Ah oui… Retour à l’épopée Disney qui se déroulait sous mes yeux live.
J’étais toujours plongée dans mon roman. Je blague. Je regardais tellement Maman Marvel. C’était un show.
N’empêche que mon coeur valsait entre la honte d’avoir refusé l’étiquette « animatrice de camp de jour » qui vient automatiquement avec la naissance d’un enfant, et le soulagement de ne pas suivre la tendance – quoique je nage clairement à contre-courant – .
Maman Marvel vs Maman Flemmarde. On ne choisit pas ses parents, parce que j’en ai certainement un sur trois qui aurait opté pour la version nouvelle génération.

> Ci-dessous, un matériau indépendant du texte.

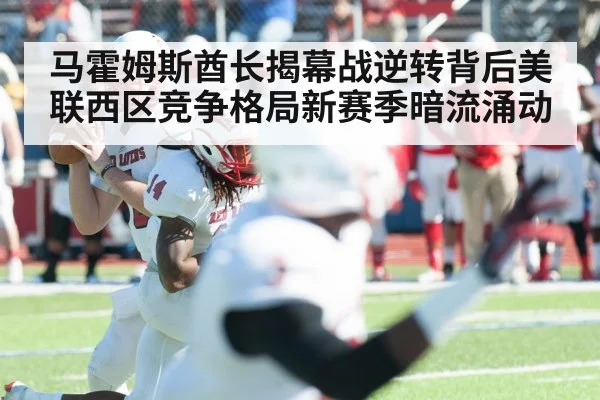 马霍姆斯酋长揭幕战逆转背后美联西区竞争格局新赛季暗流涌动 | JRS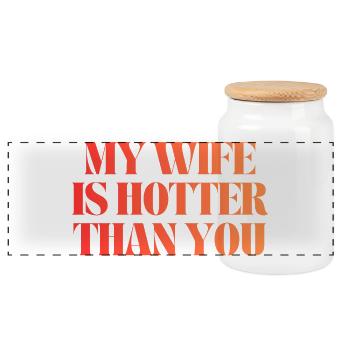 Ma femme est plus sexy que toi - Boîte à biscuits avec couvercle en bois - blanc - Devant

Mon questionnement était celui-ci : était-ce nécessaire? Ça doit être moi qui est dans le champ, parce que je suis seule sur mon banc – toujours – . J’ai montré à mes enfants à jouer de façon sécuritaire, à nager seuls, à patiner, à manger proprement, à se laver comme il faut. À partir du moment où ils sont autonomes, je les laisse aller. Je coupe un petit cordon.
J’étais dans mon questionnement existentiel depuis cinq minutes. Gorgée de café tiède pour raviver ma réflexion. Le livre ouvert à la même page depuis cinq minutes. J’ai senti que Maman Marvel en avait marre de s’inventer des volcans explosifs. Elle scrollait son cellulaire en continuant à animer le jeu avec moins d’enthousiasme. S’est reculée un peu. A jeté un coup d’oeil derrière elle et a reluqué les balançoires. Elle a franchi les quelques pas qui la séparait de son jeu de convoitise, et s’est laissé tombé mollement dans le jeu. Bonheur. De courte durée.

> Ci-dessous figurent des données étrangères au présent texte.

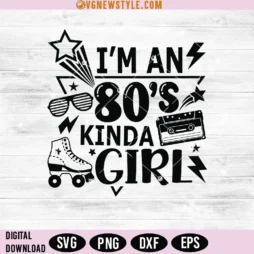 I'm an 80s kinda Girl SVG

Les participantes, habituées à se laisser présenter un univers qui n’était pas le leur, depourvu de fournir l’effort de s’imaginer un univers, des encouragements, des mises en garde, des revirements de situation se retrouvaient devant – horreur! – une pause. Un blanc dans le bruit incessant. Intolérable.
« Maman!?! Est-ce que le sol est en lave maintenant? J’ai besoin d’aaaaaiiiiide! »
Mais Maman Marvel avait retrouvé son corps et elle voulait se balancer, visage au soleil, cheveux au vent. Timidement, dans un espèce de plainte lasse, elle a justifié son absence « mais maman a le goût de se balancer… » Puis, pour pouvoir s’offrir ce plaisir interdit, elle s’est mise à chanter la comptine « Un éléphant qui se balançait » pour ne donner aucune chance à ses filles de l’appeler et de l’arracher à son jeu.
J’avais le goût de lui dire qu’elle avait le droit de se balancer. Une maman qui se balance doucement, avec ses filles qui jouent plus loin. C’est juste parfait. Mais non. La comptine terminée, elle a revêtue sa cape de Marvel pour un léger sursis. Un regain d’énergie.